The fact that the recent Western recognitions of Palestine facilitate Israeli goals became clearer than ever last week, when US President Donald Trump released his 20-point-plan to end the war on Gaza. Netanyahu has previously protested Western countries’ recognition of Palestine as an “absurd prize for terrorism,” and his American patrons have echoed this rejection. However, Israel and the US’s “peace plan” builds precisely on the conditional recognition framework—calling for Palestinian disarmament, brushing aside any concrete consequences against Israel, and imposing “reforms” on the Palestinian Authority (the only one of these that has any real Palestinian backing is the holding of democratic elections.)

To be sure, the Trump plan goes further than Western states’ conditional recognition announcements by decoupling its conditions from even an elusive offer of statehood and instead making them prerequisites for a ceasefire, while also adding new hurdles (such as allowing Israeli troops to retain security control of Gaza, placing Palestinians under colonial rule by Trump and ex-British Prime Minister Tony Blair, and insisting the PA withdraw its cases against Israel at the international courts). These expansive conditions reflect 11th-hour changes Netanyahu reportedly secured to the document, clarifying the extent to which the 20-point-plan is an Israeli one. But not even Netanyahu’s open boasts that Israel set the terms of the plan has been enough to deter Palestine’s new recognizers from embracing it. Despite their show of bucking Netanyahu in the statehood arena, countries like France, the UK, Australia, and Canada have uncritically welcomed the Trump–Netanyahu blueprint of indefinite occupation—clarifying that their recent gestures of recognition are not new steps toward accountability but consistent with their broader pro-Israel politics.

All that said, the recognition that Palestinians are indeed a people and have the right to self-determination does hold some meaning. As a minority of countries like Spain have shown, the recognition of the State of Palestine can be used as a springboard to follow through on commitments with concrete action by ending arms sales or pushing for Israel’s international isolation. For activists in the West, too, advocating on behalf of a sovereign state rather than a stateless people opens up more avenues for legal action. In Britain, for instance, the 1870 Foreign Enlistment Act prohibits citizens from serving in armies against “foreign states at peace” with their country. This could mean that British politicians are no longer able to elude questions about prosecuting British dual nationals serving in the Israeli army on the grounds that Palestine is not a state.

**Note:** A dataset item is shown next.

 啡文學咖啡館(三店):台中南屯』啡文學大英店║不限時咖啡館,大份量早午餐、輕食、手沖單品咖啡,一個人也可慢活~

But the biggest opening may be a counterintuitive one. From Netanyahu and his likely successor Naftali Bennett to the liberal figureheads Yair Lapid and Yair Golan, the entire Israeli political spectrum has been unanimous in rejecting the new international move for a two-state solution, claiming that recognizing Palestine is a reward for terrorism. Others in the Israeli government want to go further, looking to use Israeli anger at the recognition as a pretext to formalize the de facto annexation of the West Bank. Macron conceded in his UN speech that such annexation would be an “irreversible event” (even as he opted to ignore measures by Israel’s government that have already embarked on this shift). Israel’s brazen rejectionism on this point may thus eventually turn the world’s belated buy-in to the two-state project into an appetite for some kind of alternative.

There are some small stirrings in this direction. It is exceedingly rare for mainstream broadcast news in the West to ever suggest that visions beyond a two-state solution even exist, whether that is a confederation or a one-state solution. But paradoxically, the return to the two-state solution to mainstream political discourse, and Israel’s loud rejection of it, has cracked this wall of silence. Responding to a journalist from Britain’s Channel 4 reading out Netanyahu’s absolute denial of Palestinian self-determination, Jamal Zahalka, a former lawmaker from Israel’s left-wing Arab nationalist party Balad, offered a simple but seductive rebuttal: “If he doesn’t want a Palestinian state, so let’s go for a binational state all over for Palestine-Israel, one state for two people with equal rights for the group and individuals.” As long as people around the world reject a return to the slow violence of apartheid as an acceptable end to the Gaza genocide, and especially if Israel continues on its rejectionist path, one hopes Zahalka’s answer will start to sound less utopian and more common sense.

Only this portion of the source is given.